By now I'm sure that you have heard of the massive data breach at Yahoo. The breach happened back in 2014 but we didn't find out about it until recently. Information that may have been stolen includes email addresses, names, telephone numbers, hashed passwords, birthdays and even encrypted or unencrypted security questions and answers.
When the breach was finally reported, Yahoo confirmed that at least 500 million of its users were affected. But is that number accurate? A former Yahoo insider says that number could be more than double!
An anonymous former executive with Yahoo told Business Insider that the data breach could have actually affected up to 3 billion accounts. The exec said that Yahoo's back-end system is organized in such a way that the number of compromised accounts could be much larger than reported. The number could actually be between 1 billion and 3 billion.
What makes the number of potentially affected accounts so high is Yahoo's use of one main user database (UDB) for authentication. When a customer accesses any Yahoo account like email, finance or fantasy sports, all of their usernames and passwords are verified through the UDB.
The former exec says the UDB is massive. When the hack took place in 2014, there were an estimated 700 million to 1 billion monthly active users of Yahoo products. There were also many inactive accounts that were not deleted. Currently, Yahoo has over 1 billion monthly active users globally.
Yahoo has not said how the breach happened, or when it was discovered for that matter. It is under investigation.
What you need to do
Even if you don't have a Yahoo account that you know of, you may still be affected by the hack if you use any of these Yahoo-owned services:
- Tumblr, a blogging service
- Flickr, a photo sharing site
- Play Fantasy Football via Yahoo Sports
- Use your Yahoo account to access Yahoo-branded services like Yahoo Messenger, Yahoo Shopping, Yahoo Music, etc.
- Your smart TV uses Yahoo Smart TV services (usually associated with the Vizio brand)
If you have any of these accounts, please review your credentials as soon as possible and secure your account by changing your passwords.

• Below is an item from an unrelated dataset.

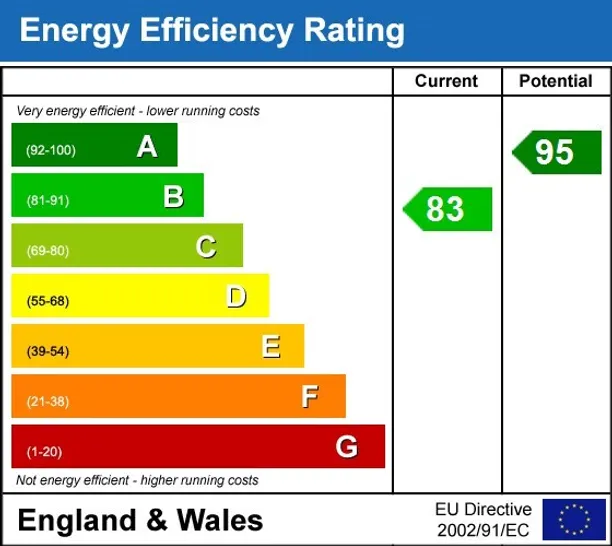 Energy performance certificate for Uttley Lane Beaconsfield HP9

Click here to find out how to change your credentials on these other accounts.
To secure your Yahoo account, here's what you need to do:
1. Change your Yahoo password now
As advised by Yahoo, if you haven't done so, change your Yahoo account password now, especially if you haven't updated it since 2014.
2. Change your Yahoo secret questions and answers
To do this, sign into your Yahoo account, go to the Account Info page and then, Sign-in and Security.
3. Enable Two-step Verification
After changing your Yahoo password and secret questions, we recommend turning on two-step verification for your Yahoo account.
Two-factor verification will send a security code SMS to your smartphone whenever someone tries to log in to your Yahoo account from an unknown device. This code, together with your password, will add extra layers of security to your account.
To turn this on, go to your Yahoo Account Info page >> Account Security >> Click "Two-step verification" to "On" >> Enter your phone number. Click Send SMS and enter the code supplied by text message to verify your number.
4. Set up a Yahoo Account Key
Beyond Two-step Verification, you can also setup a Yahoo Account Key. This will eliminate any need for a password to log in to your Yahoo account. With an Account Key, to sign in to a Yahoo service, you'll just need your username and the sign-in notification sent to your mobile phone. Here are the various ways to do this.
5. Use a password manager
You can also use a third-party password manager to automatically create unique and complex passwords for you across multiple sites.
We suggest an offline, free password manager, such as Keepass to keep all of your passwords safely secured.